(Image-caption web data)
▬▬▬▬▬▬▬▬▬▬

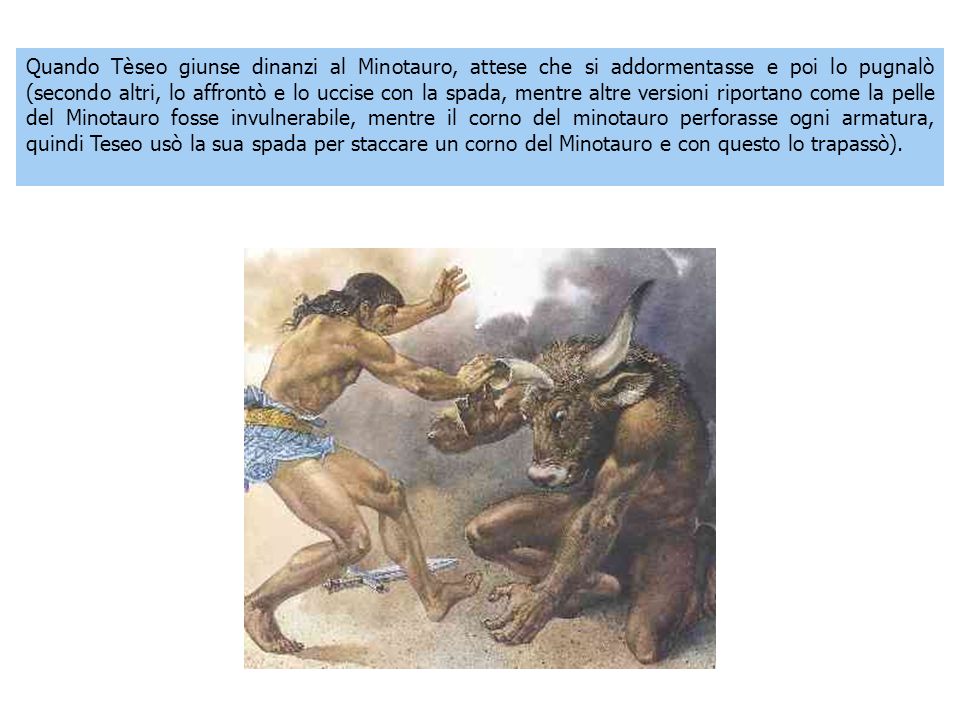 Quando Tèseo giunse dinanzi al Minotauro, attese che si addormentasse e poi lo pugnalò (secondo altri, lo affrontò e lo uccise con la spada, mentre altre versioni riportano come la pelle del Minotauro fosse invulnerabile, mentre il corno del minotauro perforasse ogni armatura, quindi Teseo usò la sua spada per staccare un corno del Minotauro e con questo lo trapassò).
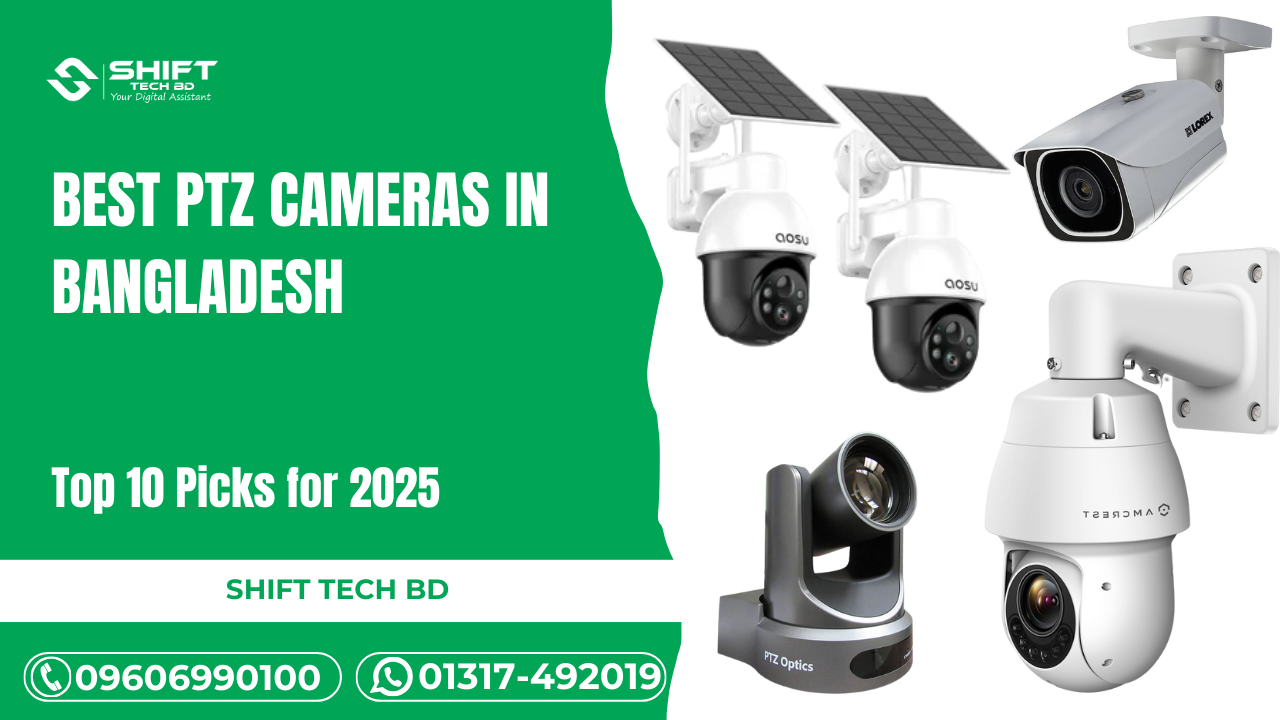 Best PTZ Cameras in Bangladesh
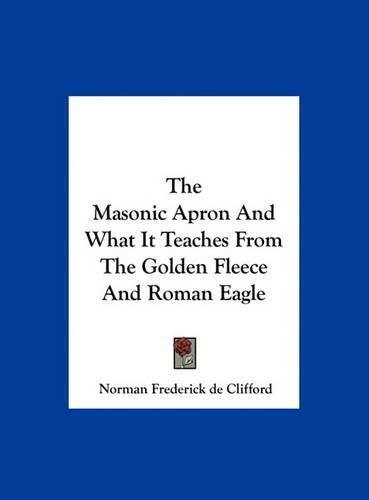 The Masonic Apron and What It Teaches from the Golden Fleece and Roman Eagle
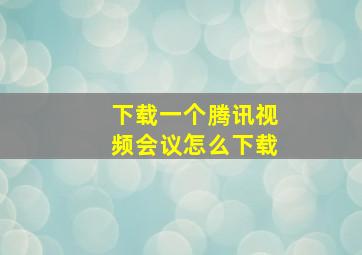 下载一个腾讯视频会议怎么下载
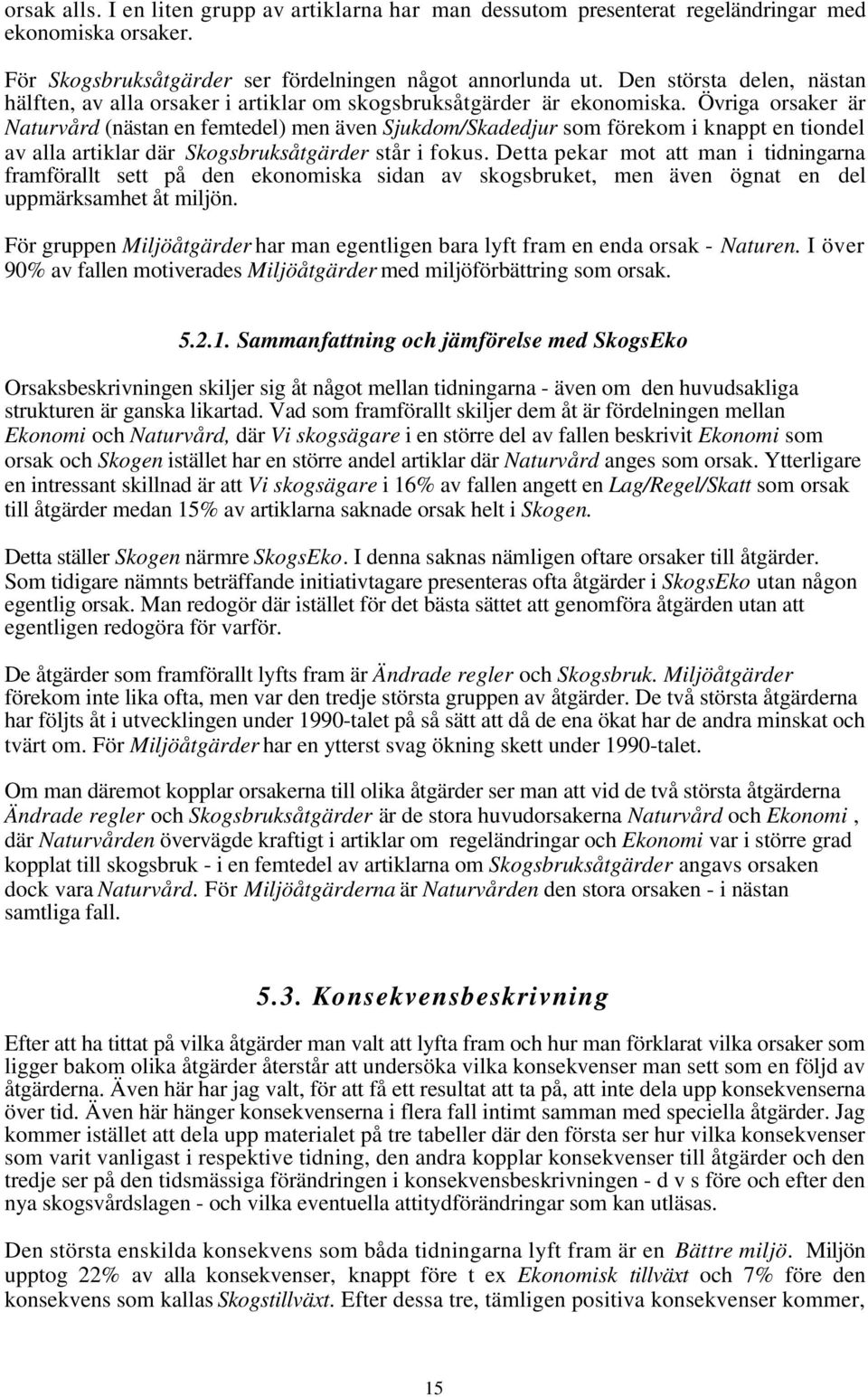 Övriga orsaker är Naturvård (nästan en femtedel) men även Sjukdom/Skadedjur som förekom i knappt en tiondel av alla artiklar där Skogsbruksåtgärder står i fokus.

▬▬▬▬▬▬▬▬▬▬

## Task brief
A verbatim copy of the entries, without the pictures, is what this task requires.

## Answer space
 Quando Tèseo giunse dinanzi al Minotauro, attese che si addormentasse e poi lo pugnalò (secondo altri, lo affrontò e lo uccise con la spada, mentre altre versioni riportano come la pelle del Minotauro fosse invulnerabile, mentre il corno del minotauro perforasse ogni armatura, quindi Teseo usò la sua spada per staccare un corno del Minotauro e con questo lo trapassò).
 Best PTZ Cameras in Bangladesh
 The Masonic Apron and What It Teaches from the Golden Fleece and Roman Eagle
 下载一个腾讯视频会议怎么下载
 Övriga orsaker är Naturvård (nästan en femtedel) men även Sjukdom/Skadedjur som förekom i knappt en tiondel av alla artiklar där Skogsbruksåtgärder står i fokus.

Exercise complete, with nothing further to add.